If Overwatch has enough data to determine what your initial rank should be, then the new matchmaking seems to be working perfectly. If you’ve been playing Competitive regularly, you’ll likely end up at around the same rank that you were before. Since there’s no longer a race to pick roles, Hero selection is a bit more nuanced. The fact that every team is guaranteed to have two healers, two Tanks, and two DPS Heroes is oddly comforting. Of course, that doesn’t mean that every match is going to feature Overwatch League levels of teamwork, but role queue has proven to be a step in the right direction.

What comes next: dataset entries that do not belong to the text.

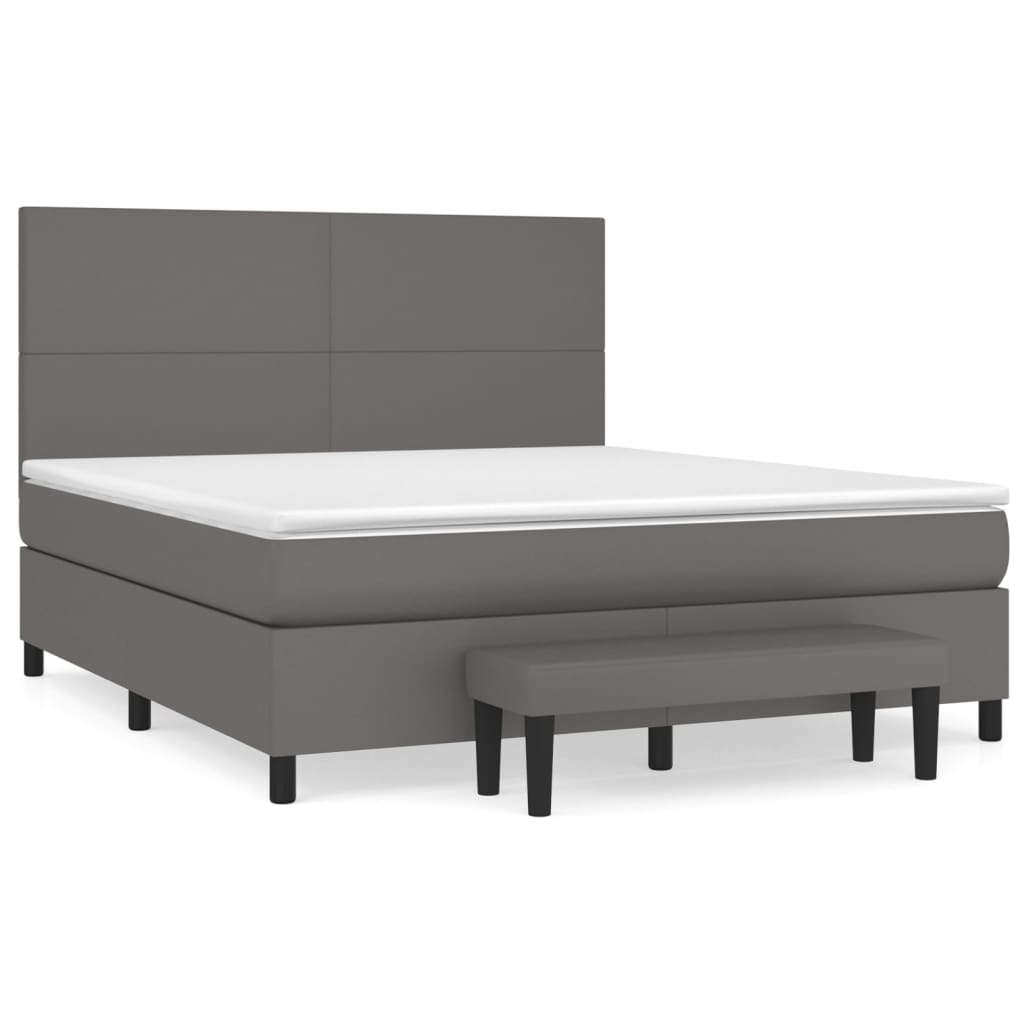 Sommier à lattes de lit avec matelas Gris 160x200 cm Similicuir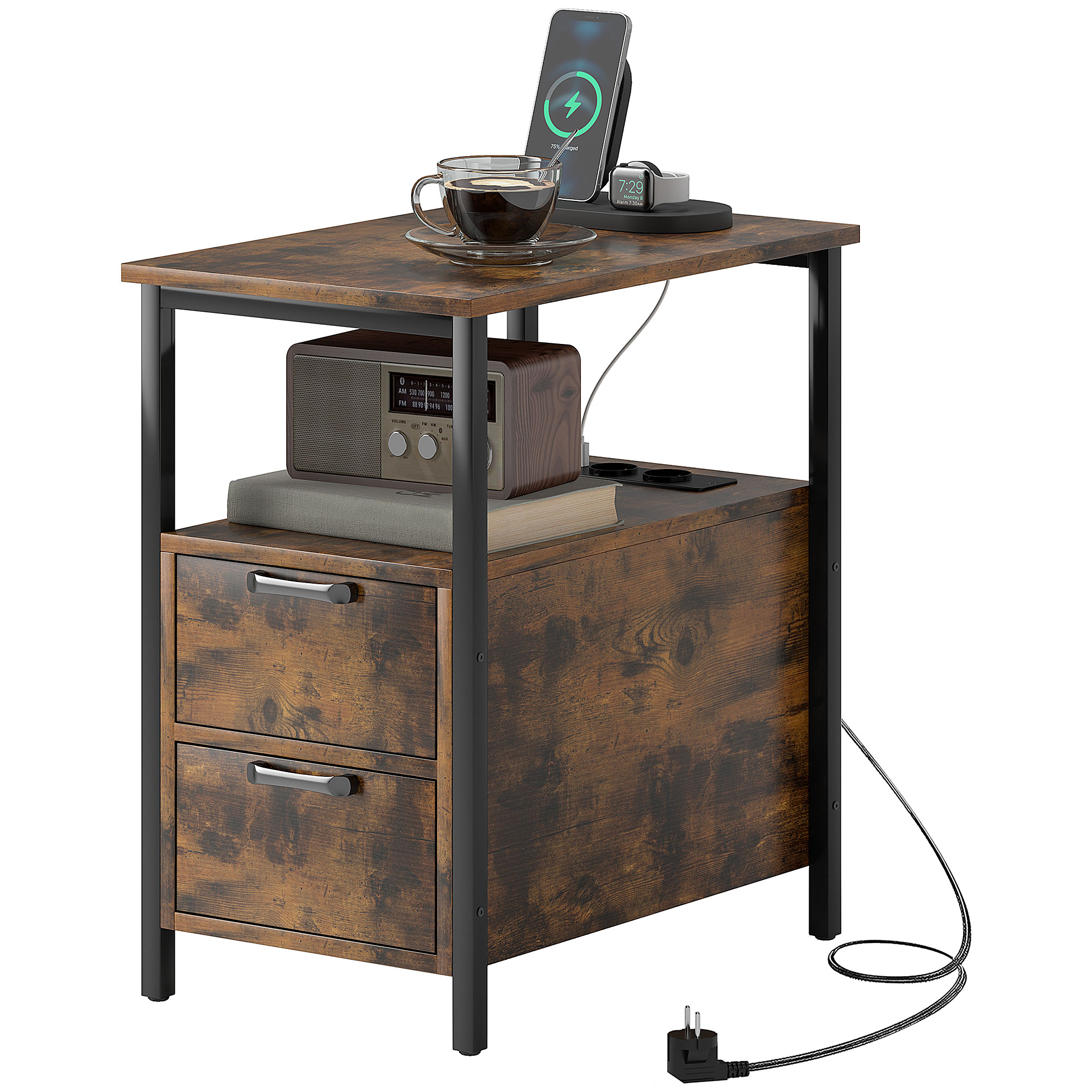 HOMCOM Beistelltisch mit Aufladestation, USB-Anschlüssen, Steckdosen, 2 Schubladen und Regal für Wohnzimmer, Schlafzimmer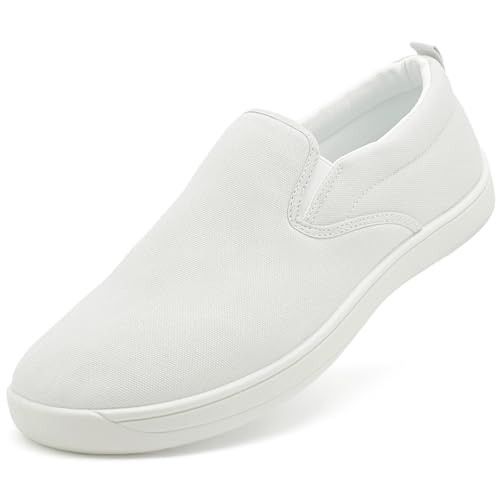 Slip on Shoes for Men, Classic Canvas Casual Shoes Comfortable Flats Men's White Loafers Low Top Sneakers Hands Free4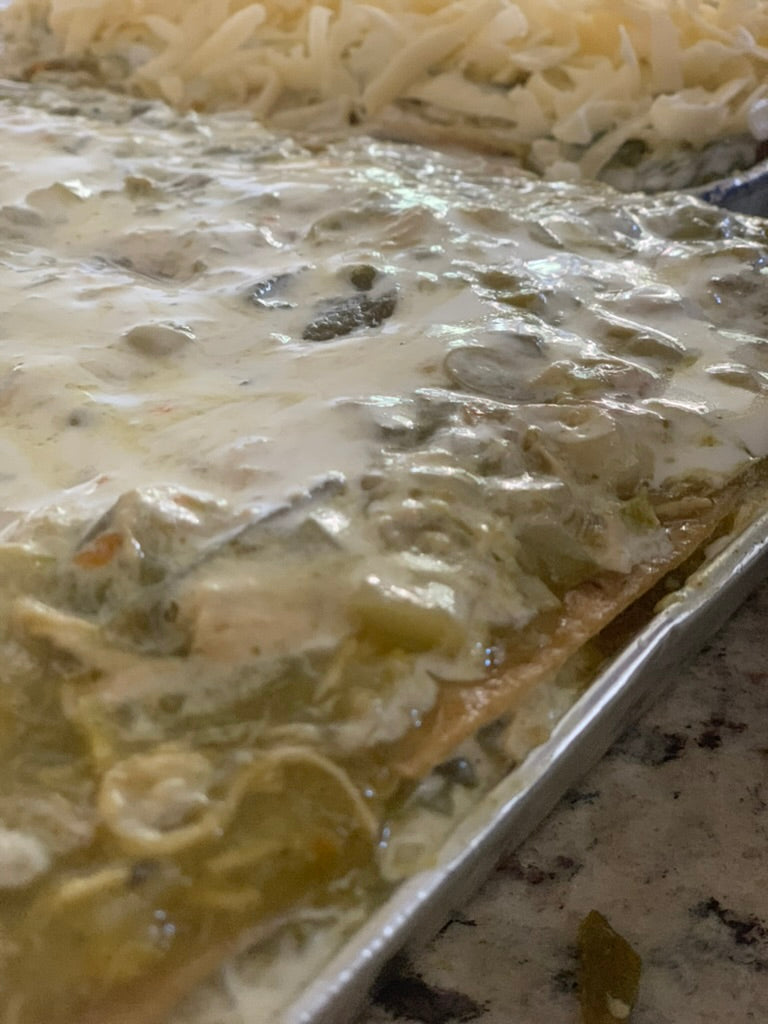 Budín azteca en salsa verde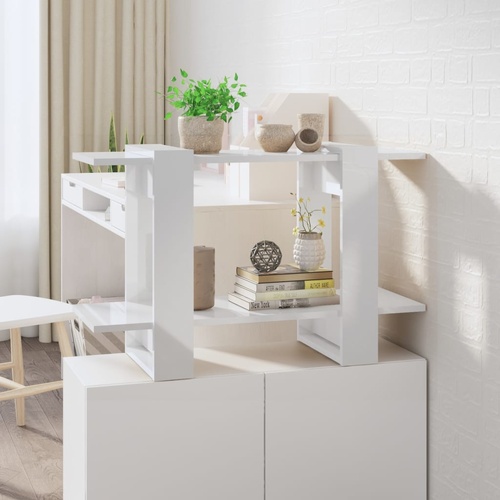  Book Cabinet/Room Divider High Gloss White 80x30x51 cm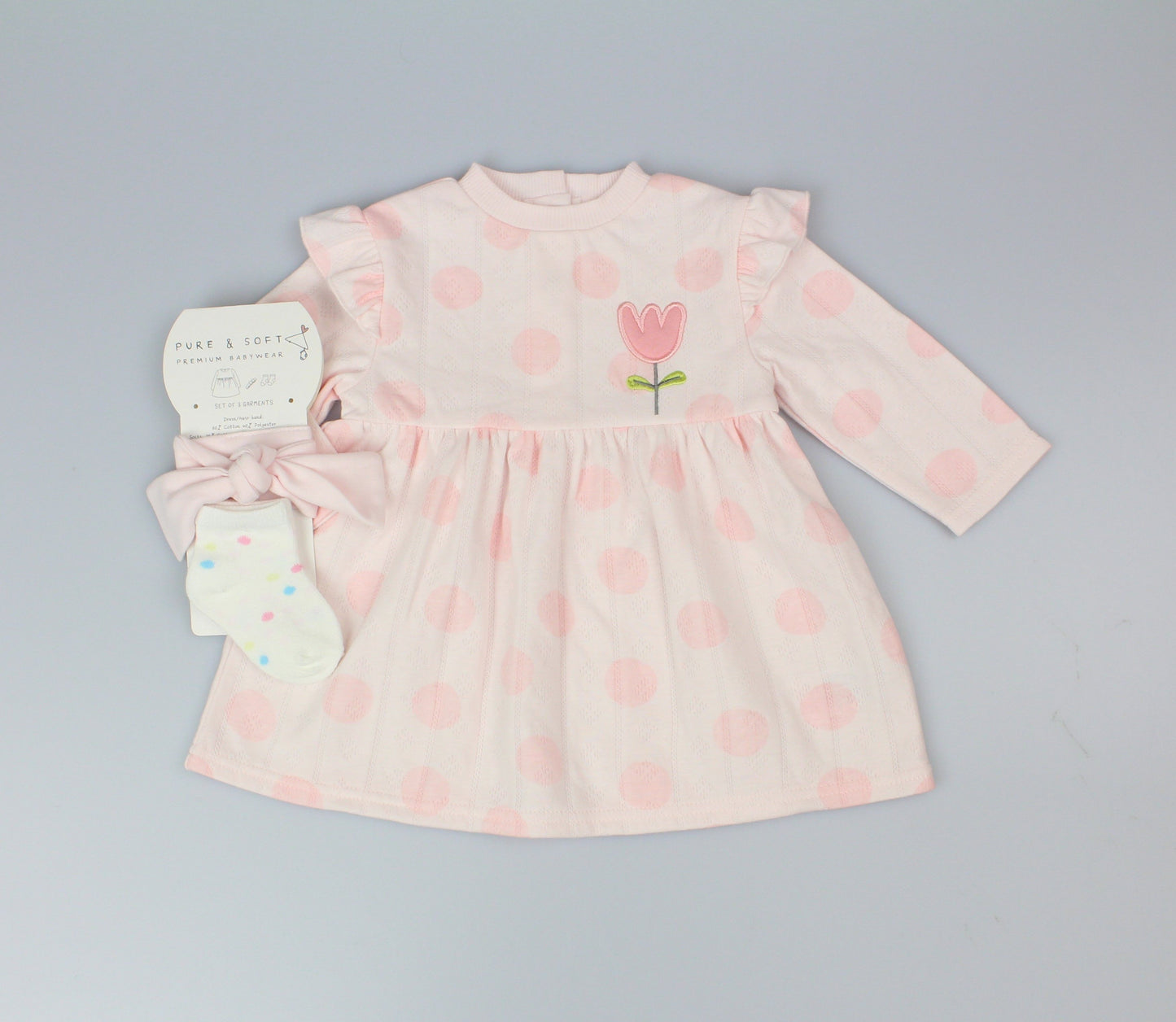 Girls 3pc dress headband socks pointelle spotty (0-6m) (PK6) E13319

The role queue update has some interesting practical effects as well. The global 12% nerf to Ultimate ability charge rate seems to be the most beneficial of these effects. Unfortunately, it disincentives switching Heroes to a punishing degree. On the bright side, mechanical skill and teamwork matters a lot more now. Sitting at a choke point and charging Ults to win a fight is still an option of course. Sigma feels rather fair too, at least when viewed as an individual Hero. A bit annoying when paired with Orisa perhaps, but hardly game breaking. He’s not oppressively strong, and he’s quite vulnerable to someone just walking into his face and shooting him. Unfortunately, there's a lot of shields in every match thanks to Sigma, but this was to be expected.
It’s rather early (and sensationalist) to say that role queue “saved” Overwatch, but it did address some core problems with the game. As of now, the most pressing issue would be how people are ranked on roles that they have no time on. There is no silver bullet to solve this issue (especially not a global hard rank reset), but if it can be addressed then the game might experience a resurgence of sorts. Simply being able to try different roles at a comfortable level opens the door to a more engaged player base. Regardless, there’s going to be a period of chaos that everyone will have to put up with while placements are finalized. That much is unavoidable, but it’s a small price to pay for beneficial progress.